In yet another embodiment, the in-region copy of the matched snapshot in the target file system has the same first provenance identification but different resource identification from the matched snapshot in the non-target file system.
In yet another embodiment, the method further comprises selecting the first snapshot with the first provenance identification in the source file system as the base snapshot at least in response to no matched snapshot with the first provenance identification being found in the target region.
In yet another embodiment, the method further comprises performing a cross-region copying of the first snapshot with the first provenance identification from the source file system to the target file system before generating the deltas between the second snapshot and the base snapshot in the source file system.
In various embodiments, a system is provided that includes one or more data processors and a non-transitory computer readable medium containing instructions which, when executed on the one or more data processors, cause the one or more data processors to perform part or all of one or more methods disclosed herein.
In various embodiments, a computer-program product is provided that is tangibly embodied in a non-transitory machine-readable medium and that includes instructions configured to cause one or more data processors to perform part or all of one or more methods disclosed herein.
The techniques described above and below may be implemented in a number of ways and in a number of contexts.
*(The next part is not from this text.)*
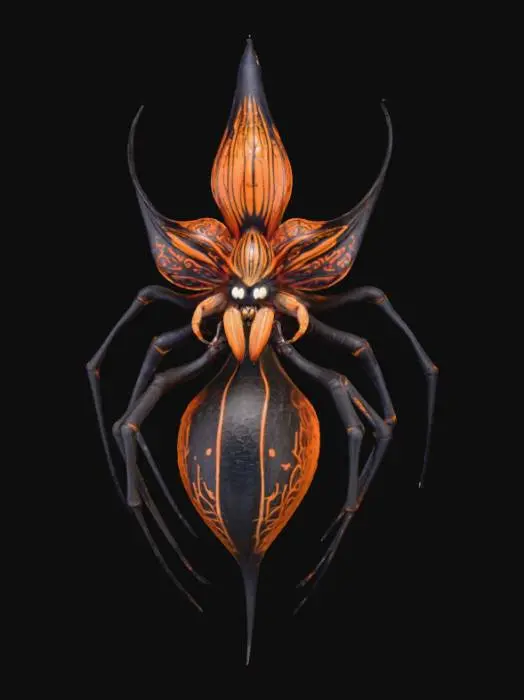 3D model for #Halloween2025#, orchid spider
Several example implementations and contexts are provided with reference to the following figures, as described below in more detail. However, the following implementations and contexts are but a few of many.
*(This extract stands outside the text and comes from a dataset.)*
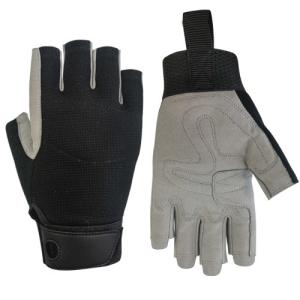 Hysafety XS-2XL Half Finger Hand Gloves , Outdoor Climbing Gloves
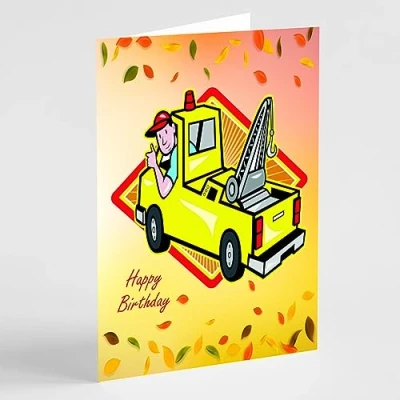 Image of Beebooh cards Man driving pick up truck birthday card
In the following description, for the purposes of explanation, specific details are set forth in order to provide a thorough understanding of certain embodiments. However, it will be apparent that various embodiments may be practiced without these specific details. The figures and description are not intended to be restrictive.
Techniques are disclosed herein for file system services (FSS) that utilize a snapshot and data model to create, process, and replicate snapshots and their associated data to ensure efficient replication, recovery, and consistency between a source file system (FS) and a target FS. The efficiency for replication and recovery utilizes provenance IDs to efficiently identify a starting point (e.g., a base snapshot) for a cross-region (or x-region) replication process.
Provenance ID is a special identification that uniquely identifies a snapshot among regions, whether it's a system snapshot or a user snapshot. Before x-region replication starts, the source region and the target region may compare provenance IDs of the existing snapshots in their respective regions. Once two snapshots with the same provenance ID are found in both the source file system in the source region and the target file system in the target region; these two snapshots may be used as base snapshots without copying a full base snapshot from the source file system to the target file system. Only the deltas between a later snapshot and the base snapshot in the source file system need to be transferred over to the target file system during the x-region replication. Thus, the provenance ID techniques conserve valuable cloud resources while reducing network and IO traffic for performing the x-region replication.
In some embodiments, if the snapshot with the matched provenance ID is in a non-target file system in the target region, the non-target file system may perform an in-region cloning of the snapshot with the matched provenance ID to the target FS to create the base snapshot. Thereafter, the x-region replication can be performed between the source file system to the target file system. The in-region cloning conserves cloud resources as well because an in-region cloning does not involve extra encryption/decryption, data transfer through object storage, etc.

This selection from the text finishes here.